Originally published on X/Twitter and LinkedIn on October 25, 2024
Recently, I was optimizing an algorithm in C++ for our WebAR engine, which needs to perform smoothly across a variety of devices. The goal was to ensure smooth AR experiences, ideally hitting 30 FPS even on low-end devices.
When we talk about optimization, the first thing that usually comes to mind is improving time complexity. But there’s a lot more to optimization than just that.
Common Optimization Approaches
- Algorithmic Optimization: The first thing we tend to look at is improving time complexity, like reducing O(n²) to O(n log n). There are also space-time trade-offs and considerations around data structure selection.
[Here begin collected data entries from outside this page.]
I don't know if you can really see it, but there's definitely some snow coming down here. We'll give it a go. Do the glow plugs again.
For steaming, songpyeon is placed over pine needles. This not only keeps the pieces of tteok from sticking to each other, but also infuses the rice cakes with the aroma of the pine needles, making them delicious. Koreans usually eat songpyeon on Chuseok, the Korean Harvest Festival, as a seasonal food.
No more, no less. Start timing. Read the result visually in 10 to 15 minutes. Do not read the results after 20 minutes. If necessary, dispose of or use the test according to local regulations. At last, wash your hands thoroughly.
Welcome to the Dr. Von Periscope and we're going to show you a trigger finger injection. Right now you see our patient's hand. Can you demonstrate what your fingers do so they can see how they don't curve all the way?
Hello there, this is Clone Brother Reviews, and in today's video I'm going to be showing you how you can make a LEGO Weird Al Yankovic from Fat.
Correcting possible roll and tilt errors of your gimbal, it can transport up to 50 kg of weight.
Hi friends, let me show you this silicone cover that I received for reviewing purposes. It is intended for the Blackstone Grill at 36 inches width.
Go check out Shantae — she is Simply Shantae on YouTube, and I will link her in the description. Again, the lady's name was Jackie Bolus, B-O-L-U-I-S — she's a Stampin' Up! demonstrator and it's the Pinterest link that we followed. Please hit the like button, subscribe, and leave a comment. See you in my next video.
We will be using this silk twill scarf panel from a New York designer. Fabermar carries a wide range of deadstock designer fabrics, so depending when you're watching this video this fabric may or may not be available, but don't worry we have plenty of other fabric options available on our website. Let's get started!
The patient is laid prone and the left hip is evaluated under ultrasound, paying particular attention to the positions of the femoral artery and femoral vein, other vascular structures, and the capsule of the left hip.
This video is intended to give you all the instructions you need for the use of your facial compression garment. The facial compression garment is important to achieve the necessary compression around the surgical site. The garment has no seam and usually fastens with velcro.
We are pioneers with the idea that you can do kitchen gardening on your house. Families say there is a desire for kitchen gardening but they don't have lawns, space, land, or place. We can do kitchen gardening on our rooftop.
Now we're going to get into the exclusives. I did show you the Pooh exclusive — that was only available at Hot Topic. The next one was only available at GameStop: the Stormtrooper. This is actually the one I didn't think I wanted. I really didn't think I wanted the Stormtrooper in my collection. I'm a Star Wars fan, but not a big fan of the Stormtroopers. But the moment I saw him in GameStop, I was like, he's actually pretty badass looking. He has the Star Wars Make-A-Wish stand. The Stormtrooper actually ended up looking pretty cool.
- Domain-Specific Optimization: Depending on the problem domain, optimizations can be applied. For example, if you’re working with a geometric problem, you might optimize based on its specific characteristics. For instance, a 3D rectangular object might not need as many triangles to represent its surface—reducing triangle count without sacrificing rendering quality can be an effective optimization.
- System-Level Optimization: This typically involves cache optimization, memory alignment, and loop unrolling. These days, compilers handle much of this, but there’s always room for manual tweaking.
- Parallel Processing: Threads and async operations can speed things up by processing tasks concurrently. However, for WebAssembly (WASM), threading has its limitations.
- SIMD Vectorization: This is where register-level parallelism comes in, allowing the CPU to handle multiple operations at once. SIMD (Single Instruction, Multiple Data) can be incredibly powerful when leveraged correctly.
My Optimization Journey
In my case, I started with the usual approach that every engineer tries first—optimizing time and space complexity. Once that was sorted, I looked at any geometric optimizations I could make. But even after that, it still wasn’t enough. I was processing streams of pixels from a 2D image, extracting various features and calculating feature scores, then converting them into descriptors on the fly. In computer vision, descriptors are like fingerprints for specific points in an image - they help us identify and match these points across different frames. Creating these descriptors involves complex mathematical calculations on pixel neighborhoods, making it a computationally intensive operation. So, I thought, “Why not use threads?” Now, threads in WASM are relatively new, available through pthreads, but they come with their own limitations—especially when you’re building an SDK that needs to run on client servers locally or via CDN.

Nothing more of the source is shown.